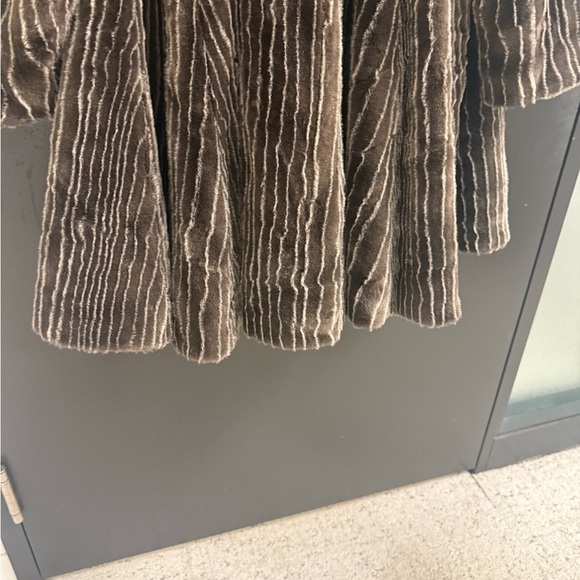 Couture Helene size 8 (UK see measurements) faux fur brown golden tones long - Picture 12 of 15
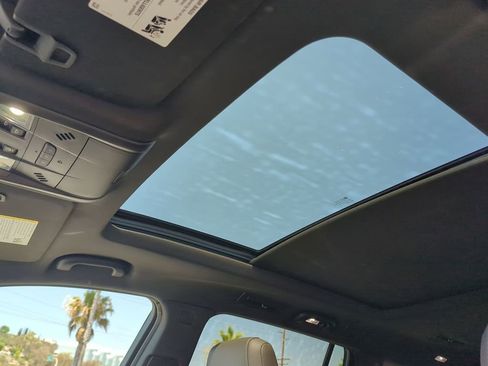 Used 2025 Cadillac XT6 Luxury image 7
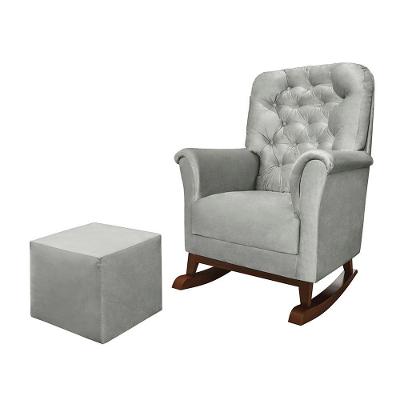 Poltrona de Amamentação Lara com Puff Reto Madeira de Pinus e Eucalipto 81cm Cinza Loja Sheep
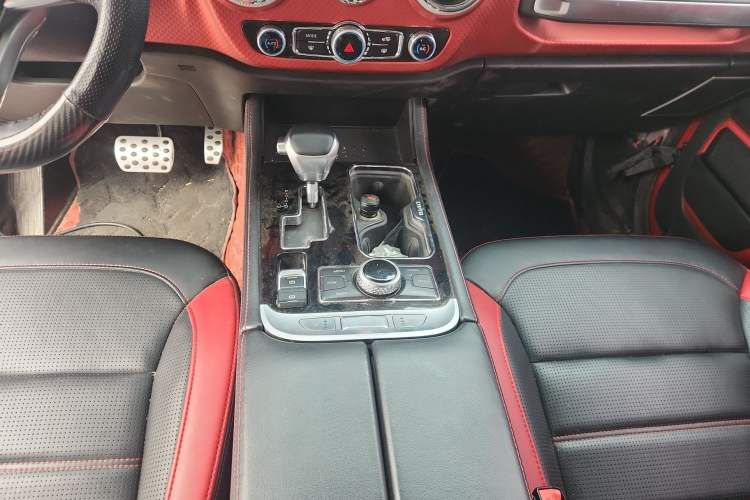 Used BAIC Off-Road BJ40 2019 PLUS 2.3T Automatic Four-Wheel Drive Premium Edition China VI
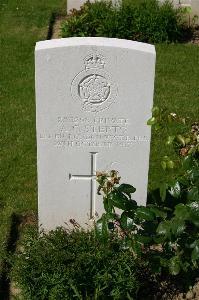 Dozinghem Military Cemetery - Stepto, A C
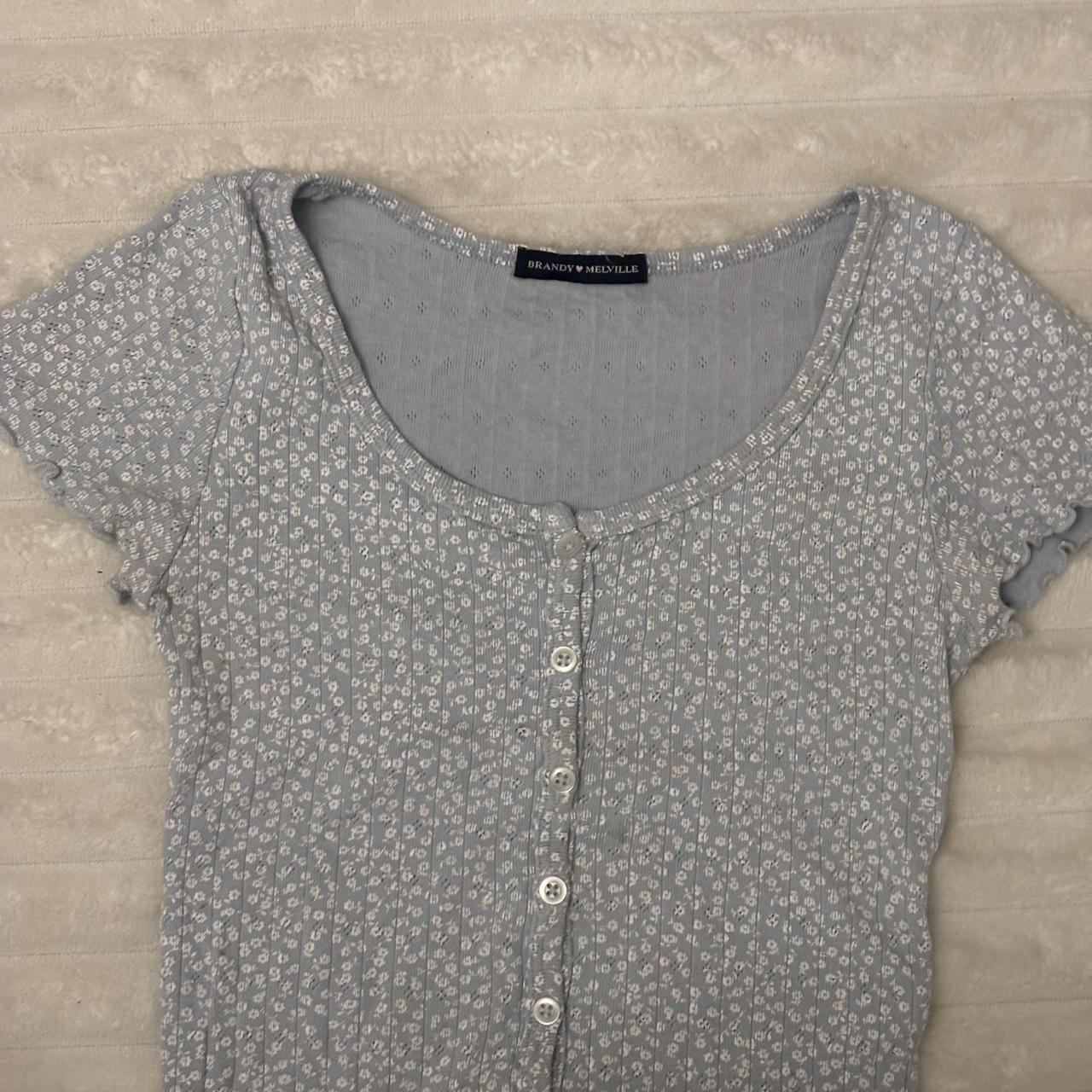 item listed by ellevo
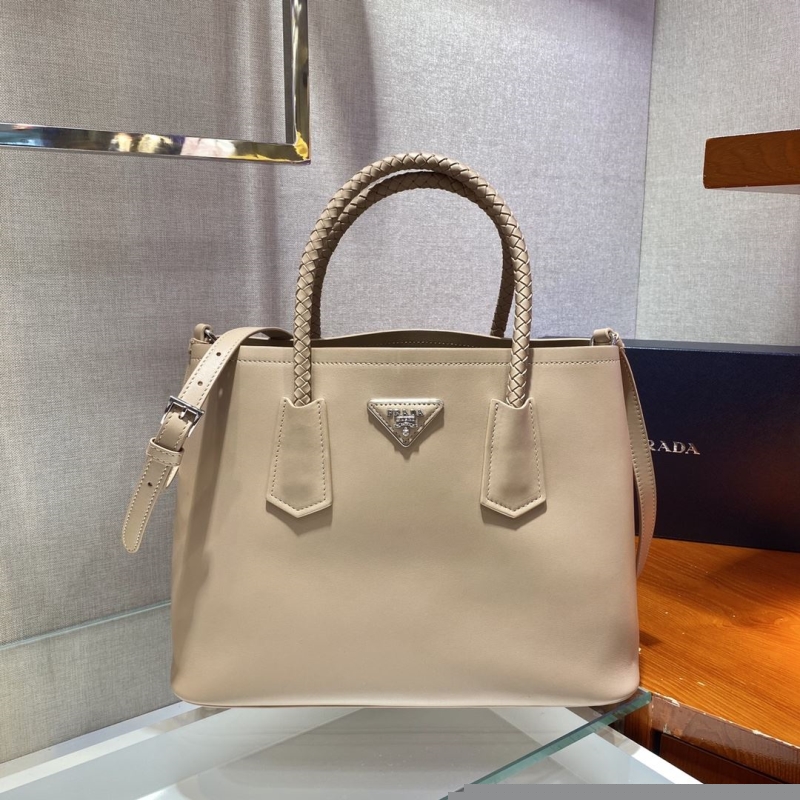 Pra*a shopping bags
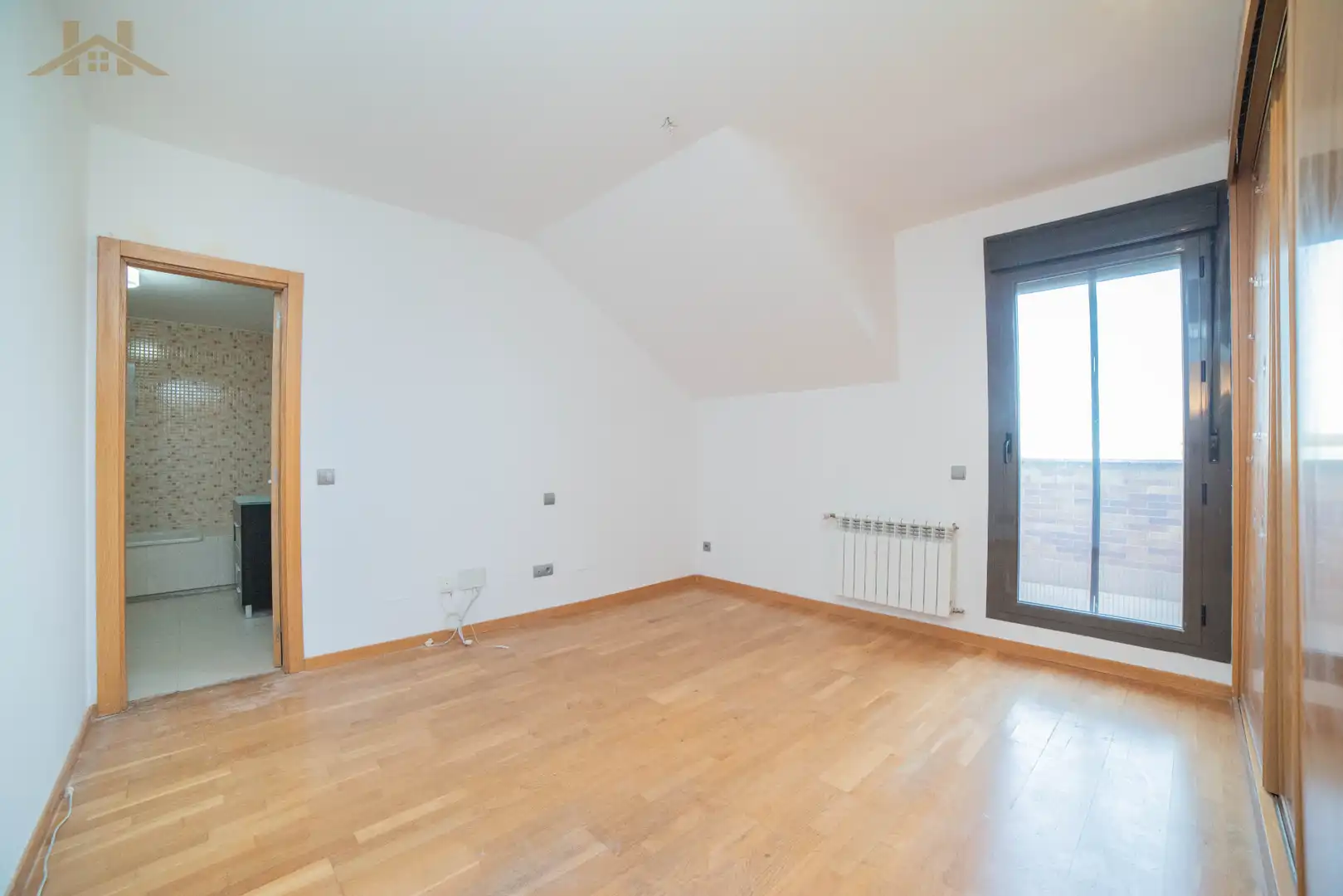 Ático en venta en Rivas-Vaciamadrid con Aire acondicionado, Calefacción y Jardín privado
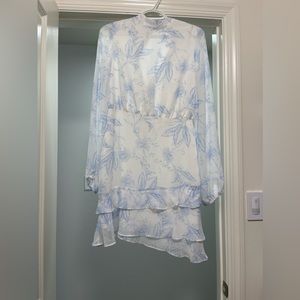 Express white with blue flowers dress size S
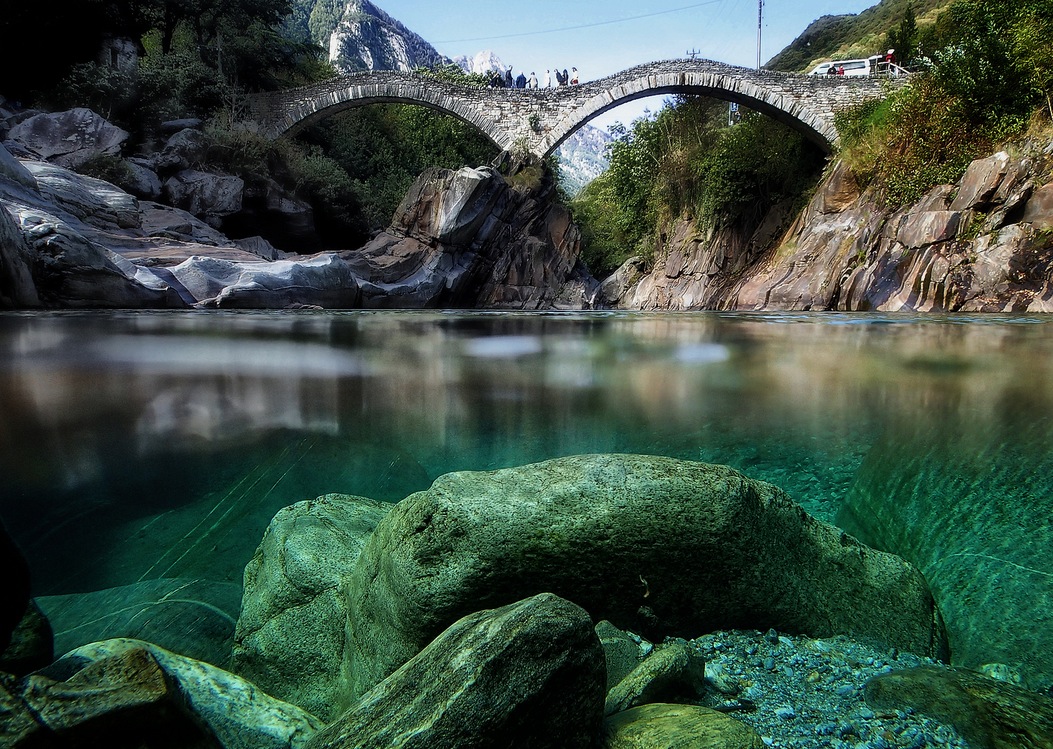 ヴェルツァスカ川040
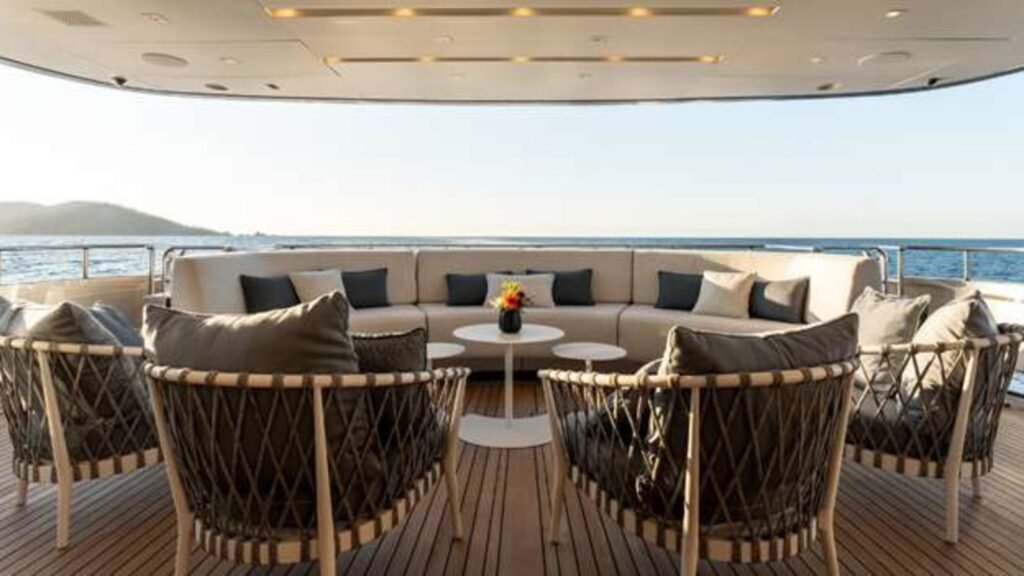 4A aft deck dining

**WHAT TO PRODUCE:**
Return the listing verbatim, pictures excluded.

**FINAL ANSWER:**
 Couture Helene size 8 (UK see measurements) faux fur brown golden tones long - Picture 12 of 15
 Used 2025 Cadillac XT6 Luxury image 7
 Poltrona de Amamentação Lara com Puff Reto Madeira de Pinus e Eucalipto 81cm Cinza Loja Sheep
 Used BAIC Off-Road BJ40 2019 PLUS 2.3T Automatic Four-Wheel Drive Premium Edition China VI
 Dozinghem Military Cemetery - Stepto, A C
 item listed by ellevo
 Pra*a shopping bags
 Ático en venta en Rivas-Vaciamadrid con Aire acondicionado, Calefacción y Jardín privado
 Express white with blue flowers dress size S
 ヴェルツァスカ川040
 4A aft deck dining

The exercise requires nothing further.